Where the a-term determines how wide, narrow, upward or downward the graph is.

The h-term determines the horizontal shift of graph. (x-axis)

The k-term determines the vertical shift of graph. (y-axis)

The vertex of graph is at (h,k). We can find the vertex by using the given formulas.

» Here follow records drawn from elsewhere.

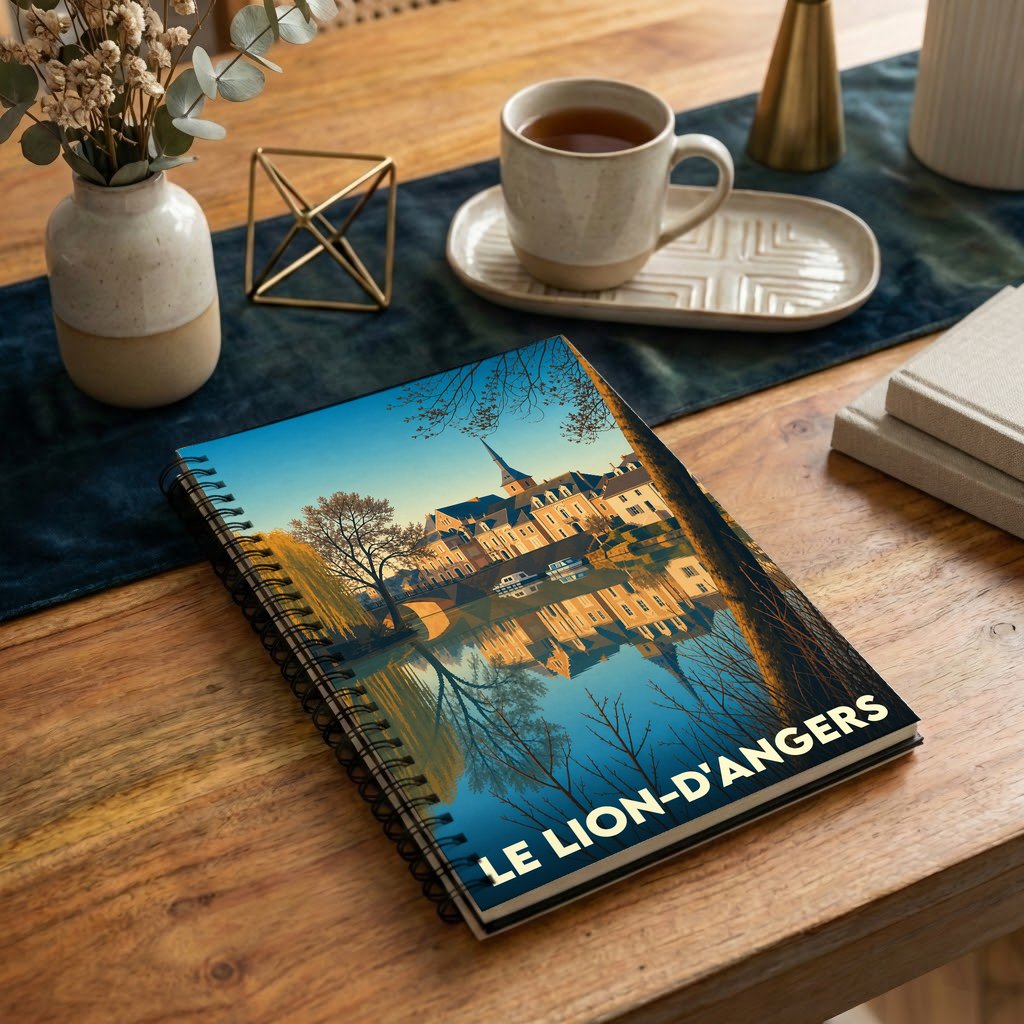 Carnet souvenir de la ville de Le Lion-d'Angers avec une illustration stylisée reflétant le paysage urbain sur l'eau.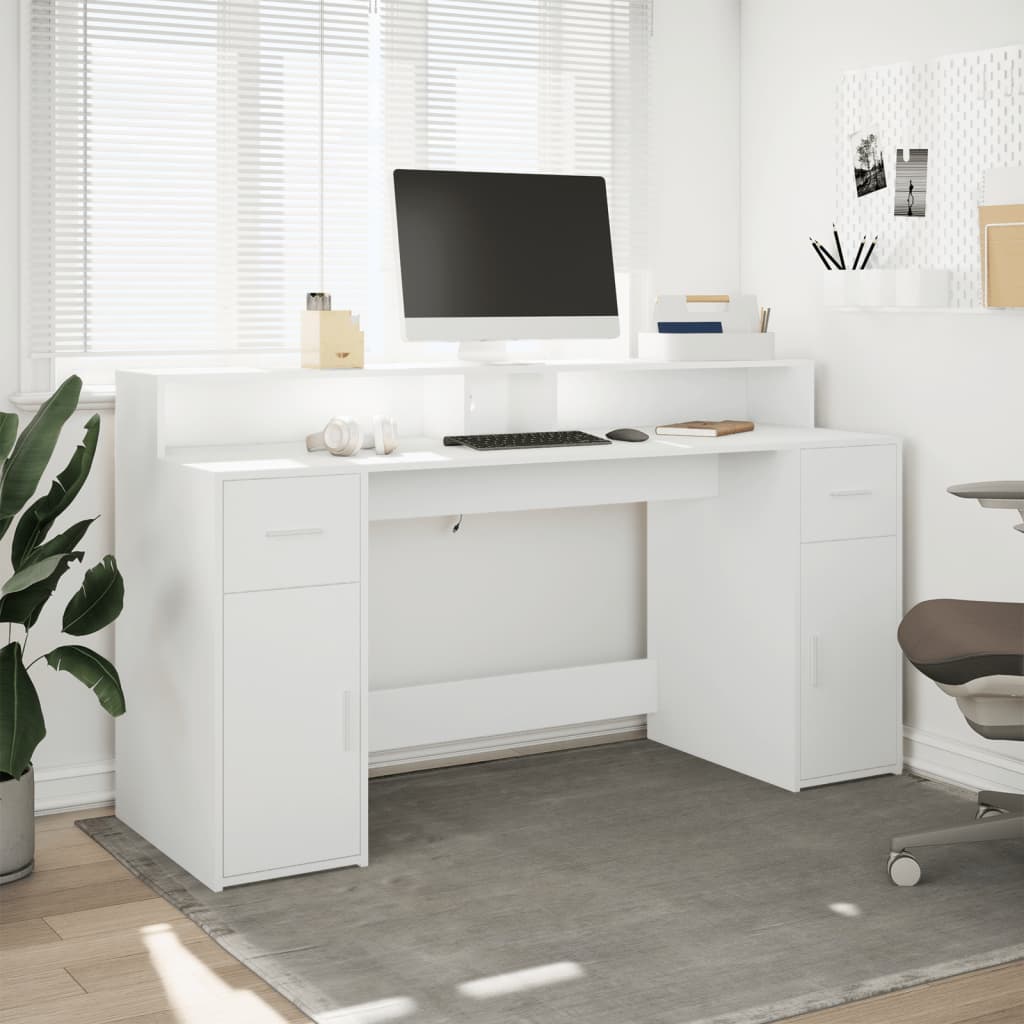 Bureau avec lumières LED blanc 160x55x91 cm bois d'ingénierie - XIOS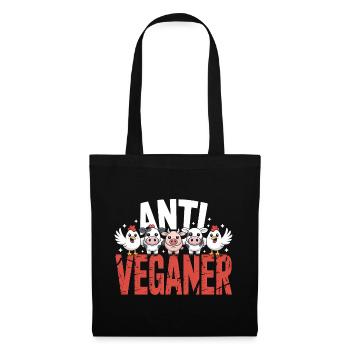Anti Veganer - Mèmes allemands drôles - Sac en tissu - noir - Devant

From the equation, the coefficients are:

$\begin{cases} a = - 1 \\ b = 12 \\ c = - 31 \end{cases}$

Substitute these values in the formulas.

Find the value of h

$h = - (12)/(2( - 1)) \\ h = - (12)/( - 2) \\ h = - ( - 6)/(1) \longrightarrow - ( - 6) = 6 \\ h = 6$

Hence, the value of h is 6.

Find the value of k

$k = \frac{4( - 1)( - 31) - {(12)}^(2) }{4( - 1)} \\ k = (124 - 144)/( - 4) \\ k = ( - 20)/( - 4) \longrightarrow (5)/(1) = 5 \\ k = 5$

Hence, the value of k is 5. Then we substitute both value of h and k in the vertex form

$y = a {(x - h)}^(2) + k \\ y = - 1 {(x - 6)}^(2) + 5 \\ y = - {(x - 6)}^(2) + 5$

Since the vertex is at (h,k). Therefore the value of h is 6 and k is 5. Therefore:

$\large{(h, k)=(6, 5)}$

(6,5) is the vertex.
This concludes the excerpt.